Diciamolo con chiarezza: il fenomeno è fisiologia e non patologia del sistema democratico. Gli elettori scelgono e vanno alle urne se hanno opzioni convincenti. Se ritengono insoddisfacente l’offerta politica restano a casa. Se lo hanno fatto al primo turno, con tutte le forze schierate in campo al loro meglio, figuriamoci se non possono farlo al ballottaggio dove la scelta è ristretta.
Ma così abbiamo sindaci votati solo del 20 per cento dei cittadini, dicono scandalizzati alcuni (che guarda caso sono sempre sostenitori degli sconfitti). E allora? Se il rivale ha perso vuol dire che ha convinto anche meno di quel 20.

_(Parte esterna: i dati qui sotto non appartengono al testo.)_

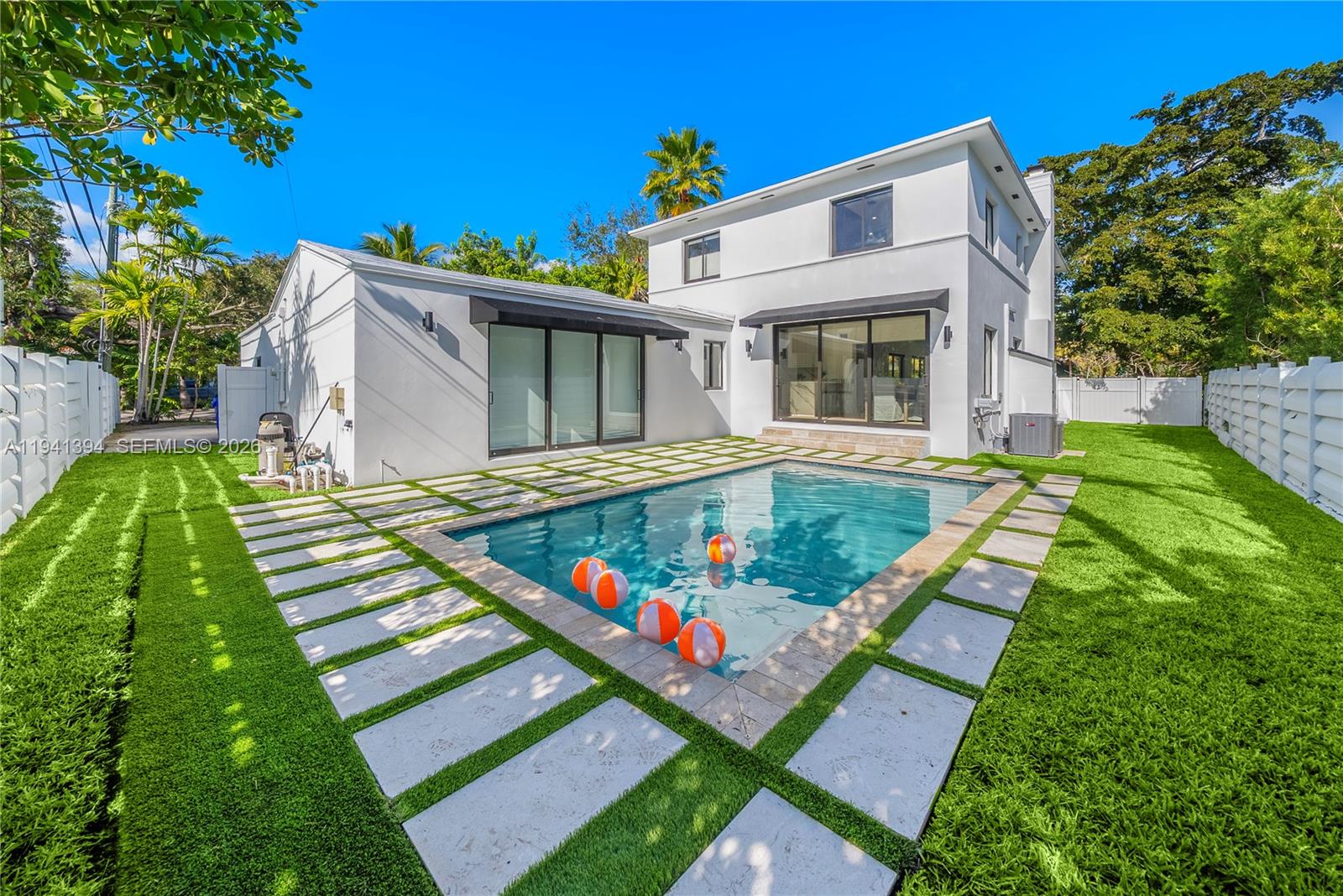 600 NE 57th St Miami, FL 33137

Il problema semmai è quello dell’offerta politica che non interpreta in pieno la società del nostro tempo. La fuga dalle urne va avanti dal grande terremoto seguito a Tangentopoli. Quella semplificazione per via giudiziaria ridisegnò il panorama politico creando all’inizio qualche entusiasmo per l’avvento anche in Italia di una sorta di bipolarismo che doveva garantire stabilità e alternanza. Conoscete tutti quel che è accaduto dopo.
Il trend discendente degli elettori non è stato invertito neanche dai travolgenti risultati del Movimento 5 Stelle. Una forza dichiaratamente populista mancava da tempo in Italia ma il suo successo è avvenuto con una nuova frenata dell’affluenza alle urne.
La verità è che i cittadini bocciano questi partiti. Voteremo l’anno prossimo e saremo sotto il dato di cinque anni fa. Non è un male.